Verehrtester Freund !

Meine Frau schreibt eben der Ihrigen, und da nehme ich die Gelegenheit wahr, ein Blättchen in das Couvert gleiten zu lassen, welches Ihnen meinen Dank aussprechen soll für Ihre freundliche Zuschrift. So dick dieselbe mit Urschlamm überzogen war, sah doch genug von Ihrer künstlerischen und freundschaftlichen Gesinnung daraus hervor, um vom Empfänger mit Freude begrüsst zu werden. Sie sind uns künstlerisch in letzter Zeit mehrfach nahe gewesen, ohne recht eine Ahnung davon gehabt zu haben. Frl. Menter (juniora) [1] spielte Ihr schönes Clavierquartett [2] im Deutschen Musikerverein recht brav, und die lieben Walchen-See-Lieder [3] haben wir ohnlängst schlecht und recht Abends in unserem Kränzchen gesungen und uns weidlich daran ergötzt. Vom besten Erfolg Ihres Töchterleins in Gratz meldeten ja die Zeitungen, und sage ich dazu meinen herzlichen Glückwunsch.   

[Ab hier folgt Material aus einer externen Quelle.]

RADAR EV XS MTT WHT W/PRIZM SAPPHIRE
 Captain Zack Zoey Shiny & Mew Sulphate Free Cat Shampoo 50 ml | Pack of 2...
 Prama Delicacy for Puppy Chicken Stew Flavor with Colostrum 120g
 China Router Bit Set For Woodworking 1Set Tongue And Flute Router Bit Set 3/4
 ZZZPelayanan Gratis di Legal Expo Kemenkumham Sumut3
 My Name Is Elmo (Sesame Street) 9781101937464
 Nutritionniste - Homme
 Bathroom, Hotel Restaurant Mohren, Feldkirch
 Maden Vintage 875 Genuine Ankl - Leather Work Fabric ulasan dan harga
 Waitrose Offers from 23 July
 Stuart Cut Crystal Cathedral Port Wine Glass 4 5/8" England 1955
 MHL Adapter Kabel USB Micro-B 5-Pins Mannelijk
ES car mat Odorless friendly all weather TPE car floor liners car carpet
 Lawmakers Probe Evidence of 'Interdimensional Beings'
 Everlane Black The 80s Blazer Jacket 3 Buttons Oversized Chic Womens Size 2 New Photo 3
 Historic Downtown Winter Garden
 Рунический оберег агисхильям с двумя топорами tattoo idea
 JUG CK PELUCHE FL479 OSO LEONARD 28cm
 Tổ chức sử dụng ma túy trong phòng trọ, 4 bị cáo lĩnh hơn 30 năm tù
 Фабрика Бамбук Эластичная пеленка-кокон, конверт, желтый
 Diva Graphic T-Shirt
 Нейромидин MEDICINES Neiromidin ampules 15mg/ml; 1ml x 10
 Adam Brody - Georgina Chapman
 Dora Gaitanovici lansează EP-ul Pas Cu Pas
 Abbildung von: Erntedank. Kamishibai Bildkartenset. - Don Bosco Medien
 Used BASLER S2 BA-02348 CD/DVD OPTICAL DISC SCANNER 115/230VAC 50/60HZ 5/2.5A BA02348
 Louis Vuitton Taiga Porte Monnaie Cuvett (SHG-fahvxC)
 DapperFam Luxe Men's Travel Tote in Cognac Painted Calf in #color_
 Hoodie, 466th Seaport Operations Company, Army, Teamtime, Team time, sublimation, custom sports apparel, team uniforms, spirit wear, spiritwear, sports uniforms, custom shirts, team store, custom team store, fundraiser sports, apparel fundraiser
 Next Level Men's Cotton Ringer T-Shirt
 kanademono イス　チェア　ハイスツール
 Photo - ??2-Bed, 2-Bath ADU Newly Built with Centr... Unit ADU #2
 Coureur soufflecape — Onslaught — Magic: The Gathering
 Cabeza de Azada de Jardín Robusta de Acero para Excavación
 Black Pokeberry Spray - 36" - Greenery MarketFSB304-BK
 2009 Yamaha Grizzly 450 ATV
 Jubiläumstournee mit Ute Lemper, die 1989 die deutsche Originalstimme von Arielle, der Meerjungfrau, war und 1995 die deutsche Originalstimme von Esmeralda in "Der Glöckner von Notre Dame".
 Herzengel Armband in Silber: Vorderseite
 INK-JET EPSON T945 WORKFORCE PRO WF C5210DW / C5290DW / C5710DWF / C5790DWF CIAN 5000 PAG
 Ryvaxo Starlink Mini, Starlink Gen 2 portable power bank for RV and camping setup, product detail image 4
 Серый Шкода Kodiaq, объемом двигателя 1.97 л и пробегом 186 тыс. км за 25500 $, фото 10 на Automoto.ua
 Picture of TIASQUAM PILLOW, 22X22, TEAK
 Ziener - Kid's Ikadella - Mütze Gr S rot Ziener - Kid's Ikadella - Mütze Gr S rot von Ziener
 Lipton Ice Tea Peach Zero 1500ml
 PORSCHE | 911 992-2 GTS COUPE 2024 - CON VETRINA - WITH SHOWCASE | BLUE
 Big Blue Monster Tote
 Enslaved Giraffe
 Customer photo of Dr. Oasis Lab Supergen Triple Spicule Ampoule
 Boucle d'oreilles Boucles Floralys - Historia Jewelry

Nächste Woche wird Brahms hier erwartet. Er war lange nicht hier und wird besseren Empfang finden als früher und als Mancher ihm vielleicht wünscht. Das Publikum ist jetzt mehr an seine Sachen gewöhnt, das Requiem, die Walzer und Magellonen-Romanzen haben das ihrige dazu gethan. Die meisten Kritiker hingegen stehen auf dem absoluten Brahms-Schwärmerei-Standpunkt, was ihm zu Gute kommen wird. In demselben Konzert, wird das neue sächsische Königspaar sich dem Leipziger Publikum zum ersten Male zeigen, also das Interesse wohl etwas getheilt sein. Mit den besten Wünschen für Ihr Wohlergehen und herzlichen Grüssen an Ihre liebe Frau ganz der Ihrige

F.v. Holstein.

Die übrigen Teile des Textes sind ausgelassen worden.